Chinatown à Singapour, par Marie Fauconnier.
Pour les planteurs, Singapour n’est qu’un passage d’une journée, d’une nuit tout au plus. On dépose ses bagages dans un hôtel et puis, la première fois sans doute, on s’élance pour un tour panoramique à la vitesse du tireur de pousse-pousse, on passe devant les curiosités qu’il faut voir, l’hôtel de ville, le musée, le jardin botanique, les parcs, la ville chinoise et la cité malaise. Mais surtout on en profite pour faire les achats indispensables, ses premiers sarongs en soie, chez John Little ou Robinsons. Mélanie Fauconnier se souvient d’un déjeuner à l’Adelphi « avec de drôles de mets », sans doute son premier tiffin.
Ils n’auront pas le temps de faire l’excursion à Johor. Une belle route d’une vingtaine de kilomètres permet de traverser l’île jusqu’au nord. Une chaloupe à vapeur (kapal api, en malais) vous emmène en vingt minutes à Johore-Bahru, la nouvelle capitale du sultan ; elle est enfouie sous la végétation. Le Radjah habite un grand chalet meublé à l’européenne, précédé d’un vaste hall pour les réceptions. À côté, dans la ville chinoise, on trouve les salles de jeu, le Monte-Carlo malais, écrit Claudius Madrolle, qui attire les riches marchands chinois et européens.

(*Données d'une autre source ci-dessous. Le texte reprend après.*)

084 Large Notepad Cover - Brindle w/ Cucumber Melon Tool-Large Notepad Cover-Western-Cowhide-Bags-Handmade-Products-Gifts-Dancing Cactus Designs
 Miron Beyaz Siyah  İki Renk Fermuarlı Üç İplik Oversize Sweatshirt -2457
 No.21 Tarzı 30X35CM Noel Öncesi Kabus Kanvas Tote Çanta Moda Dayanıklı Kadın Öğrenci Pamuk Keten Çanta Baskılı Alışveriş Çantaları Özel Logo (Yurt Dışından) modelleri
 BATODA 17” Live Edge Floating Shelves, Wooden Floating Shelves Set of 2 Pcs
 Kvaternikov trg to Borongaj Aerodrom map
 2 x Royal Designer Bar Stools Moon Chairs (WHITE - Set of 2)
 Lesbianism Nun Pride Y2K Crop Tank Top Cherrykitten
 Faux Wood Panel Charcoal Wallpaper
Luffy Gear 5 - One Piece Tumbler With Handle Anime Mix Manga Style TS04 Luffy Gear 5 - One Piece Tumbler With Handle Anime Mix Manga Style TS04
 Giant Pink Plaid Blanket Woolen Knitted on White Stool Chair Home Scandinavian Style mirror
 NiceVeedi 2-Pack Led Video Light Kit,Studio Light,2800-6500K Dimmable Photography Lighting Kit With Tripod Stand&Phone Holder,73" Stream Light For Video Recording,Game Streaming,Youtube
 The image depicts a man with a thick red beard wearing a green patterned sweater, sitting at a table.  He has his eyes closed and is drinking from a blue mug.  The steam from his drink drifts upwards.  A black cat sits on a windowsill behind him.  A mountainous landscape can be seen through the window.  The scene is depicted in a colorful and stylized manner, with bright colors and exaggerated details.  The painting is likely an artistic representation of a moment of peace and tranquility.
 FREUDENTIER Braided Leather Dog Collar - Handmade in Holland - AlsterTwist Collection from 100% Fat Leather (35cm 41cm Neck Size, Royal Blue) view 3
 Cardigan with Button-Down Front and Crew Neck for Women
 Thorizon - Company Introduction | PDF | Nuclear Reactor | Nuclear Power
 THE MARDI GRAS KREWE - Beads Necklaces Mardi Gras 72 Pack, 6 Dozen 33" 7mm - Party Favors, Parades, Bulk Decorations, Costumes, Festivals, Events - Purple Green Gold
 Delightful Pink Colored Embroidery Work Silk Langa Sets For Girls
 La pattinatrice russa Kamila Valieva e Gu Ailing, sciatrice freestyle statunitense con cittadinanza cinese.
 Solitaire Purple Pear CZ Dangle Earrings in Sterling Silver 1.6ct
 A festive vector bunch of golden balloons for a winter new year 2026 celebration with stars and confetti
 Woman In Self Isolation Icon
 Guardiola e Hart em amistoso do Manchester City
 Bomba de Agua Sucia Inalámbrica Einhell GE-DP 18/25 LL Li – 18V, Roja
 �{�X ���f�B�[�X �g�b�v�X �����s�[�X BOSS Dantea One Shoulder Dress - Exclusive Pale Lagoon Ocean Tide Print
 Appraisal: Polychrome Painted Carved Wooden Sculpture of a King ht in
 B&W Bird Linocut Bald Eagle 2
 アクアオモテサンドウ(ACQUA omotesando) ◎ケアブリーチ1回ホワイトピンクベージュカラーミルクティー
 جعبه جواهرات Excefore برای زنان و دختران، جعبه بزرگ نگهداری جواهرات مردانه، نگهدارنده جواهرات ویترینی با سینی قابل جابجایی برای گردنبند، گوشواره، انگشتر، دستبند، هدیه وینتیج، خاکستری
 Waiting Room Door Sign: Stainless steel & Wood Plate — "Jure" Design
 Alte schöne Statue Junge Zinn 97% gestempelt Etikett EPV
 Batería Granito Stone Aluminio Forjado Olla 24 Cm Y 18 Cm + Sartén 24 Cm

En fin de journée, au plus tard le lendemain, on embarque sur un petit vapeur de la Straits Steamship Co., pour remonter le détroit que l’on vient de descendre. Cette fois le cadre est plus rustique, mais ce n’est que pour une nuit, et puis les retrouvailles et de savoir le but du voyage tout proche font oublier le manque de confort du petit bateau. Deux courtes escales à Malacca et à Port Dickson, et puis c’est Port Swettenham !
C’est le nouveau port en eau profonde de la rivière Klang. Pour exporter l’étain, la richesse qui vit naître Kuala Lumpur, inaugurant l’apogée coloniale britannique, le gouverneur Frank Swettenham entreprit la construction d’une voie ferrée, d’abord jusqu’à Klang, puis elle atteignit finalement la côte en 1901. On construisit un nouveau port pour remplacer Klang, et on lui donna le nom du gouverneur partant à la retraite. Il sera rebaptisé Port Klang en 1972.
C’est là que commence l’aventure pour nos Français venus faire fortune en Malaisie. Au moins jusqu’en 1923, date à laquelle est inauguré le Causeway (la chaussée) qui relie Singapour à Johor. Le train offre alors une alternative qui permet d’arriver directement depuis Singapour jusqu’à Kuala Lumpur où la plus étonnante des gares a été reconstruite dans le style anglo-indo-mauresco-moghol en 1910 ! Les choses ne changeront pratiquement pas jusqu’à la veille de l’indépendance avec l’arrivée des premiers vols commerciaux à Kuala Lumpur sur l’aéroport de Simpang (appelé plus tard Sungei Besi) en 1952.